◆ YOUR ASSIGNMENT: Exactly the lines from the start of the data below through the line that contains "Hi, in front" are to be copied, with pictures left out.

SUPPLIED INFORMATION below:

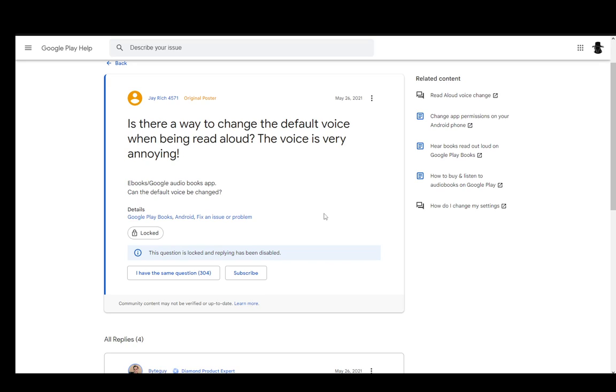In this video, I'll be explaining to you guys how you can change the playback voice of your ebooks or your audiobooks on Google Play Books. So let's get right into it.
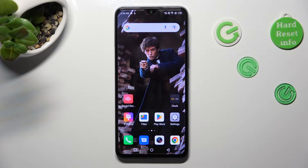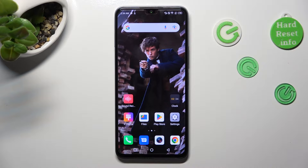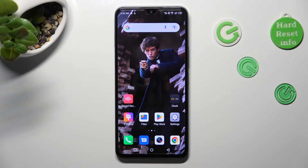Hi, in front of me is the Infinix Note 12 2023, and today I would like to show you how you can switch on or off auto-rotation on this Infinix.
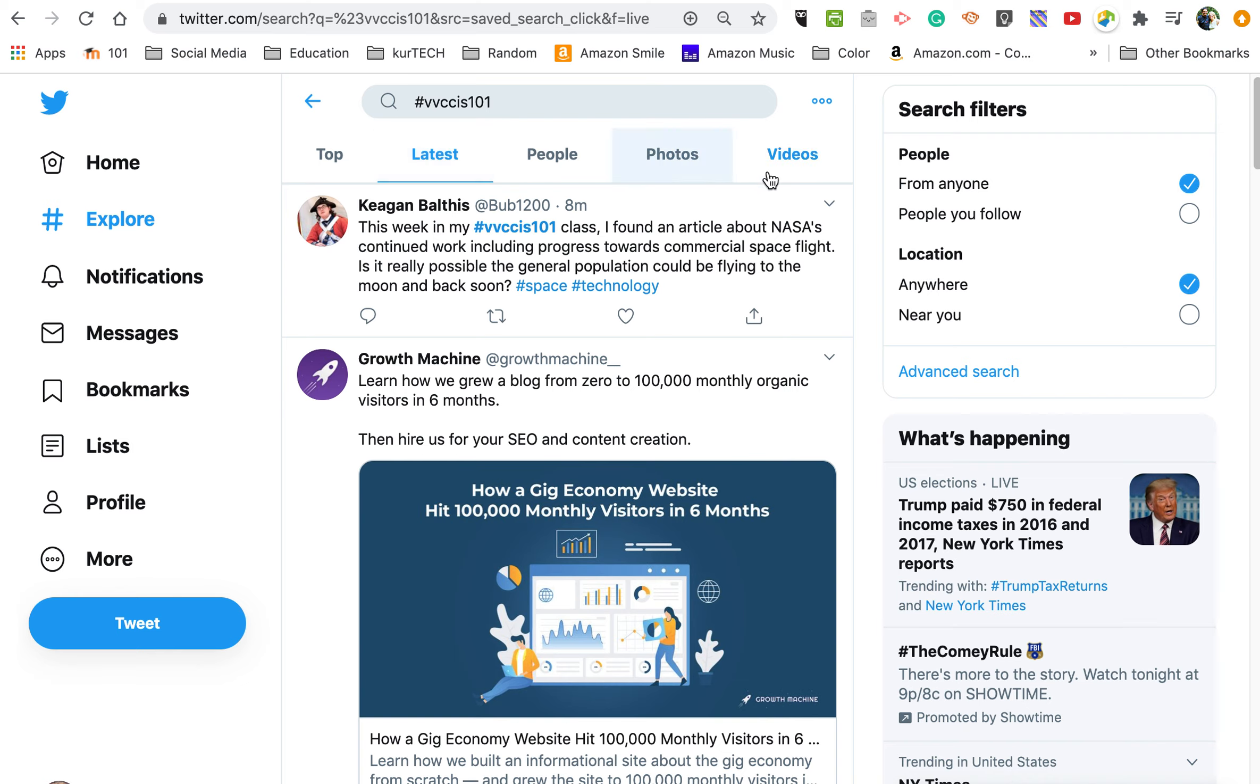Anyhow, that's one way to filter your Twitter feed so that you only see specific things on a certain topic. And keep in mind, the BBC CIS 101 tag really should only be used for class-related discussions.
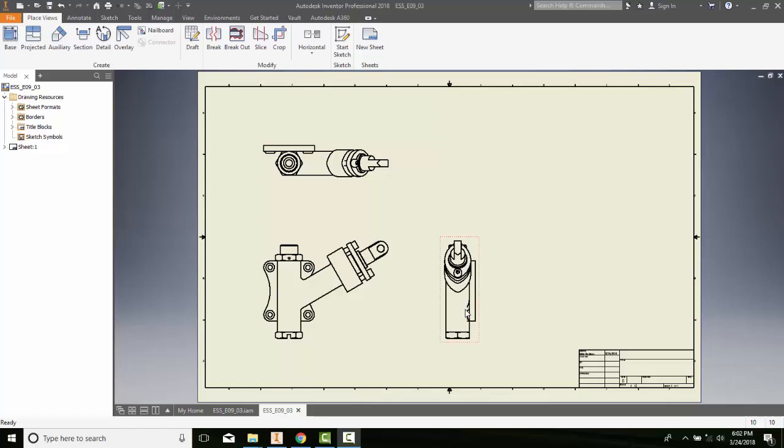An overlay view is used to show an alternate position of a component in an assembly. So we have to have created a positional representation already.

End of SUPPLIED INFORMATION.

◆ COMPLETED EXERCISE:
In this video, I'll be explaining to you guys how you can change the playback voice of your ebooks or your audiobooks on Google Play Books. So let's get right into it.
Hi, in front of me is the Infinix Note 12 2023, and today I would like to show you how you can switch on or off auto-rotation on this Infinix.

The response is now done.